Current evidence on the use of personal protective equipment across prehospital settings is limited and requires attention

It is true that plastic aprons have formed a part of level 2 PPE pre pandemic, and rightly so in situations such as those involving significant risk of exposure to blood products or emesis for example. This is why aprons are often donned by ambulance clinicians attending childbirths at home. The point the article aims to tackle is whether the standing level 2 PPE, particularly aprons, are appropriate specifically for preventing or significantly reducing transmission of SARS-Cov-2. The conclusion, states: ‘…where full level 2 PPE often remains protocol….’, addressing if in part the fact that many trusts require level 2 PPE for all patient encounters, and that clinicians should follow their own trust's protocols. The apparent risk to vulnerable service users is not questioned; however, if the risk of transmission to such individuals from clinician uniforms is so great that every incident requires clinicians wear PPE to protect them against SARS-Cov-2, if the points raised in the article have any validity, then any suspicion of COVID-19 should prompt a Tyvek suit be donned instead. I say this as aprons do not cover a lot of a clinician's person, and if working outside as ambulance staff often do, these aprons are blown about considerably; it could be argued that this compromises their effectiveness. On the face of it, a superior level of protection here could be advocated for, such as the current level 3. However, this has not been observed in my findings; instead, this raises the question personally of whether the risk of transmission is as great as hypothesised. The article does address that there are no direct comparisons between aprons vs no aprons for SARS-Cov-2 and that such a lack of evidence itself requires attention.

The article ends encouraging clinicians to follow their trusts' respective protocols and policies regarding PPE. It did not intend to promote bad practices, nor does it infer that clinicians should ignore current guidance on COVID-19 PPE standards.

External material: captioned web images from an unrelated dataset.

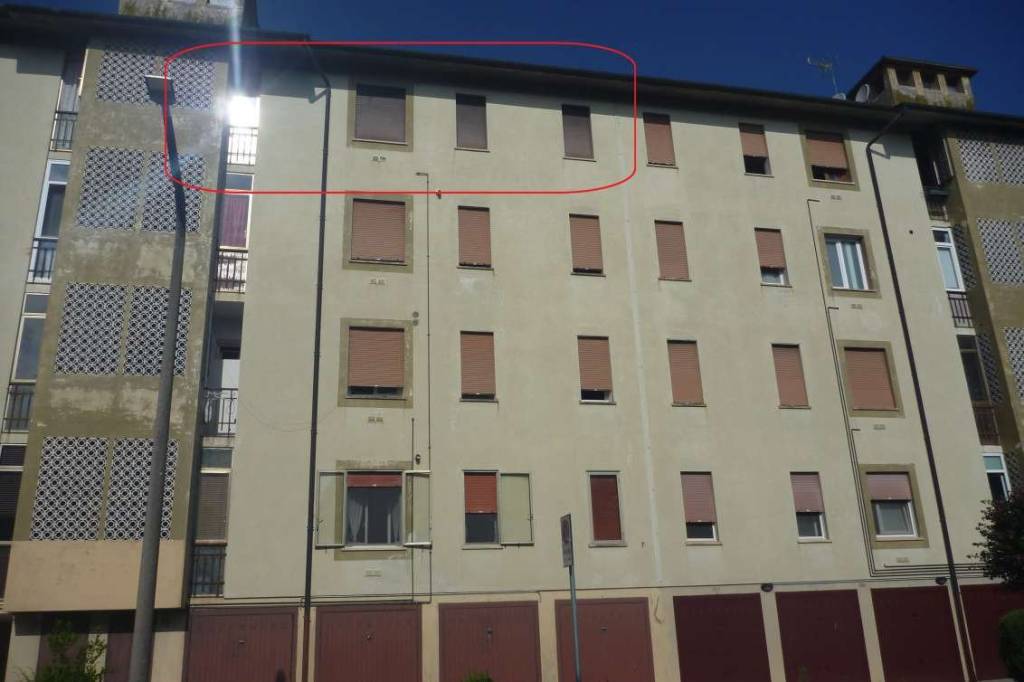 appartamento in vendita a Vicenza in zona Laghetto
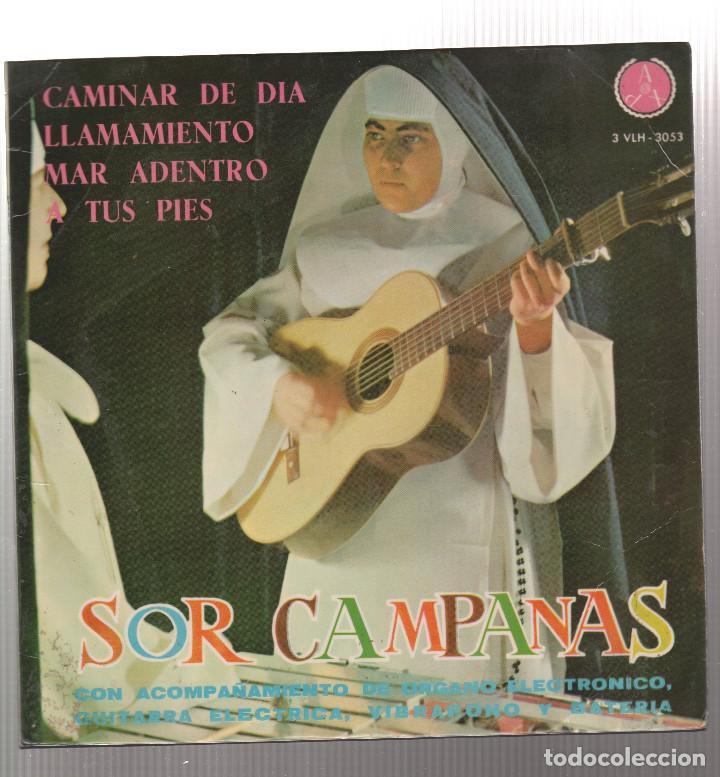Discos de vinilo: SOR CAMPANAS - Foto 1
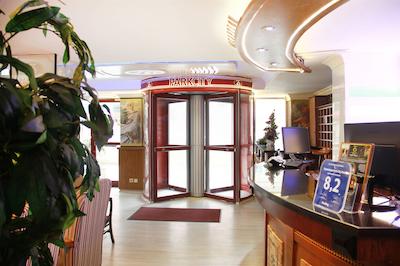 اوگلاکسی اوغلو پارک سیتی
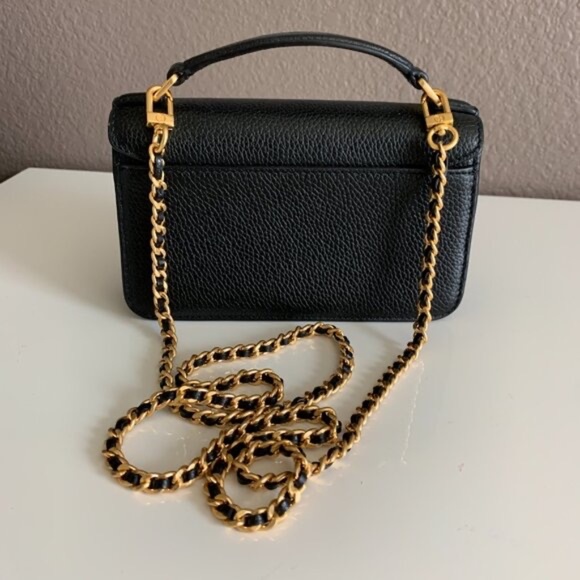 Tory Burch Top Handle Mini Bag - Picture 7 of 9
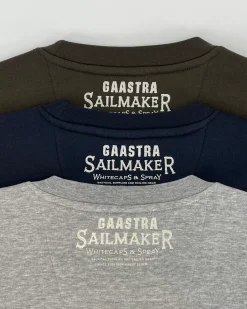 Sale Gaastra Sportieve Trui Mangrove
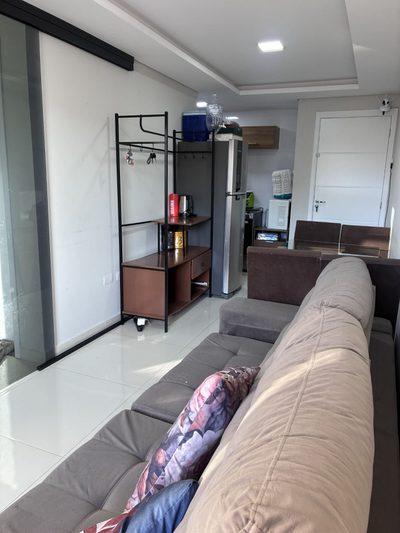 Apartamento, 2 quartos, 53 m² - Foto 3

From personal experiences and research into the topic, it was my summarised opinion that the evidence supporting the use of plastic aprons specifically pertaining to SARS-Cov-2, be reviewed (which you quite rightly point out is constantly ongoing). The article also concludes that the current evidence supporting their use be actively made available to frontline clinicians. I would like to add that I am not an expert, nor experienced researcher, but simply an inquisitive, open-minded clinician. My article does not represent evidence in and of itself, and I encourage others to do their own research and to always strive to follow best practice.